All evaluated models demonstrated strong performance in detecting dense and small objects. However, YOLOv11 exhibited overlapping detections, which may indicate redundant or less precise predictions. Overall, the models effectively handled the detection task with varying degrees of overlap and precision.
YOLOv12 was the only model able to detect the marked object in the Ground Truth image. Overall, all models exhibited similar performance in object detection. However, YOLOv11 continued to produce overlapping detections, indicating potential redundancy or reduced precision.

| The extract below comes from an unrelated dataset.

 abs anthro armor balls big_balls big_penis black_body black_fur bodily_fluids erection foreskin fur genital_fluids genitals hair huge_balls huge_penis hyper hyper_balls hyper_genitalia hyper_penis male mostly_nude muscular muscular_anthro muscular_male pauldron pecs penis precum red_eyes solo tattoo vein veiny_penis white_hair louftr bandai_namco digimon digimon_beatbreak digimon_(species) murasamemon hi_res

The given image serves as an ideal test case for evaluating object detection models, particularly in dense and small object scenarios. A superficial comparison may suggest that YOLOv12 outperforms other models based on the higher number of detections. However, a detailed analysis reveals that many YOLOv12 detections are overlapping, redundant, or false positives. YOLOv7-based Darknet, despite detecting fewer objects, demonstrated higher accuracy with minimal false positives and overlaps. A robust evaluation must consider precision, recall, and false detection rates, rather than relying solely on detection count.
Key Takeaways
- mAP@50 Scores Indicate Strong Object Detection in YOLOv7-Based DarkNet. This suggests that DarkNet is highly effective at basic object localization (detecting ships) but may struggle with tighter localization constraints.
- YOLOv11 Outperforms in High IoU Thresholds (mAP@75 & mAP@[50:95]). Inference quality improves at stricter IoU thresholds, meaning that YOLOv11 provides better object localization and more precise bounding boxes than the other models.
- YOLOv12 Never Outperformed in mAP but had stronger visual inference quality. YOLOv12’s ability to infer images more effectively may be due to better feature extraction for ships in dense environments.
- The HRSC2016-MS Dataset benefited from preprocessing, basically shuffling. Shuffling and restructuring the dataset improved generalization, allowing all models to detect smaller ships more effectively.
- Model Performance is Dataset-Dependent. Even though YOLOv12 is the latest model, it didn’t dominate in any mAP score evaluation metric. YOLOv7-based DarkNet excelled in mAP@50, showing that older architectures can still be competitive in specific datasets.
Conclusion
This study provided an in-depth analysis of fine-tuning YOLOv12, YOLOv11, and YOLOv7-based DarkNet on the HRSC2016-MS dataset, focusing on improving small-object detection in aerial ship imagery. Original dataset shuffling and restructuring played a crucial role in improving model performance, as the initial train-test split was biased, impacting generalization.
YOLOv11 outperformed all models at stricter IoU thresholds (mAP@75 and mAP@[50:95]), making it the best for precise bounding box predictions. Despite YOLOv12 not achieving the highest mAP scores, it demonstrated strong real-world inference performance, suggesting that qualitative detection effectiveness extends beyond numerical mAP values.